Currently reading the 2nd volume of Grant Morrison’s JLA. It includes the story Rock of Ages, which I’ve wanted to read for a long time. It’s a really cool time travel story framed around the Injustice Gang lead by Lex Luthor attempting a hostile corporate take over of the JLA. One unexpected pleasure from the story is seeing Superman with his electric blue powers. It’s been a long time since I’ve read a comic from that period, and Morrison does some really cool things with that gimmick. I was an active Superman reader at the time, and I don’t recall reading about Superman learning to use the powers, something Morrison does well. At first Superman doesn’t seem to do anything differently from his normal power set, and by the end of Rock of Ages he’s dealing with being converted into a radio signal and bouncing on transmissions to reform himself.


This was seriously good. What a writer. Particularly enjoyed it as as a 40 year old white male it’s probably not the sort of book I am supposed to be reading. I even saw it for £3.99 in Sainsburys amidst the trash thriller / crime / beach reading nonsense.
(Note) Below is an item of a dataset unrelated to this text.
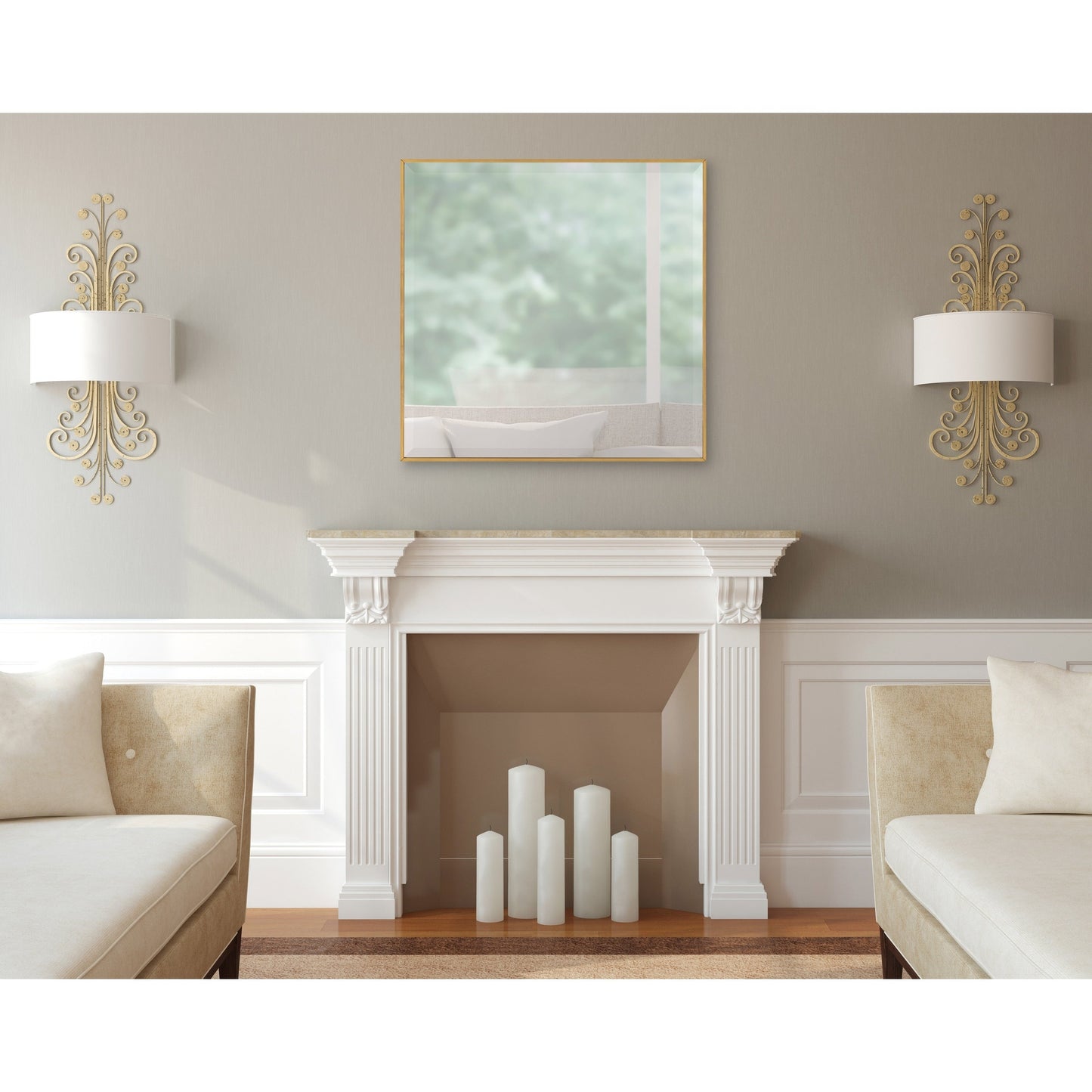Specchio decorativo da parete con cornice Rhodes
I’ve read nearly every book by Sanderson, except some of the promotional stuff, and Warbreaker is still the one I think back most fondly on.


Watch out, you can run out of Sir Terry’s books before you’re ready. I just counted (by eyeballing it) 14 books on my shelves, and that doesn’t include the ones hiding behind those (I have to double-layer his paperbacks) and a few others that got misfiled, and the hardcovers. And a couple of other oddballs, like Cohen the Barbarian and Where’s My Cow? So that’s twice what I can see and then some others, and I’m missing some…
…and, well…
…and even if I get everything, that will never be enough, but we all have to live with that.

(For anyone who wants to really get into Pratchett, and wants to get the total emotional impact of a combo of a kid’s book and a novel, don’t read Where’s My Cow until just before or just after you read Thud! if you can help it).


I started Star Wars: Thrawn: Alliances by Timothy Zahn last week. I’d probably be done with it, but I had a very busy weekend so didn’t get a chance to read (well, to be fair, I devoted free time to finishing Persona 5). Good so far, and interesting that it has this back and forth between Clone Wars era and Rebels era where Thrawn is working alongside Anakin and Vader, respectively. I like how Zahn manages to sneak in bits of his old creations into the new SW canon (unless the makers of Rebels did some of it, as I haven’t seen that).


Reading Neil Gaiman’s Norse Mythology, here. Not quite mythology, history, or a novel, but a lot like all three. He writes it like he writes everything else. Strong recommendation.